Personally, I would stop reading to him. I do think that  you are enabling bad behavior. Yes, there are other people who are enabling him as well but that does not mean that you continue to do so. By reading to him, you are saying that his decision is fine and he can get buy without reading. He should learn enough to be able to live his day to day life without help. He might not ever read for pleasure but he should be able to read his own bank statement.


----------



## Carolyn Kephart (Feb 23, 2009)

koolmnbv said:


> I have a friend that is illiterate. Both of his parents are also illiterate and so is his older sister (but oddly enough not his brother) It is someone very close to me and it bothers me very much that he never learned to read or spell.


Your whole post read like a horror story to me--as if someone actually wished to be crippled to the point of helplessness. Really disturbing.

CK

Edited to note (since advice was requested) that you can't help someone like that. Change is up to them.


----------



## NogDog (May 1, 2009)

The "pride" thing may be a defense mechanism, a way to feel better about something he would otherwise feel bad about. That doesn't make it any easier, necessarily, as our minds are very good at self-deception.
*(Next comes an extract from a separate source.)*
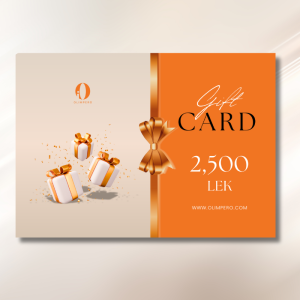 Olimpero Gift Card 2500 Lek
As others have pointed out, it could be some physical disability (e.g. dyslexia) that might require trained assistance to overcome. If he could be convinced to have some specialist in these matters test him for any such disabilities and is found, in fact, to have any, then perhaps he could move his excuse from pride to that disability, and then be willing to work to overcome it.

If, on the other hand, it is purely stubborn refusal to learn, all I can suggest is to tempt him into wanting to learn by continually displaying subtle indications of the pleasure you get from reading. You can lead this horse to the proverbial water, but realize you can't force him to drink until he decides he's thirsty.


----------



## Susan in VA (Apr 3, 2009)

ProfCrash said:


> there are books on tapes and other ways to "read".


This would be another way to find out whether it's just the _reading_ he's not interested in or the entire idea of storytelling and imagination and learning. If he's bored by the idea of books on tape, then it's not just an inability to read but a larger issue.



ProfCrash said:


> He might not ever read for pleasure but he should be able to read his own bank statement.


And someday, years from now, his immediate family may not be around anymore, and if he doesn't want to be dependent on strangers (not all of them well-meaning ones) for decisions about his healthcare and his finances and such, it would be a good thing to be at least minimally self-sufficient.


----------



## kari (Feb 15, 2009)

I haven't read through all of this thread yet.  I'm so totally floored by the situation I had to stop and ask this.  Someone mentioned how he made it through school.  How much (if any) schooling has he actually had?  If he can only read a children's book, I'm guessing not much -- and if you tell me he actually finished high school, I'm going to go ahead and vomit now.  What a sad situation.  I think ignorance is bliss in that he truly doesn't know what he is missing.  I'm amazed he can do any sort of office job without knowing how to read and write though.  

Reminds me of the The Reader -- we just watched the movie last weekend.  But in her case, she was embarrassed and didn't want anyone to know.  Weird to be proud of such a thing unless it's just a cover.


----------



## drenee (Nov 11, 2008)

I'm not sure it was actually stated that the young man finished his schooling.  I think that was just something we have all been wondering about.  
deb


----------



## sjc (Oct 29, 2008)

My thoughts (and I speak from experience)

1. Has he been medically diagnosed with a learning disability?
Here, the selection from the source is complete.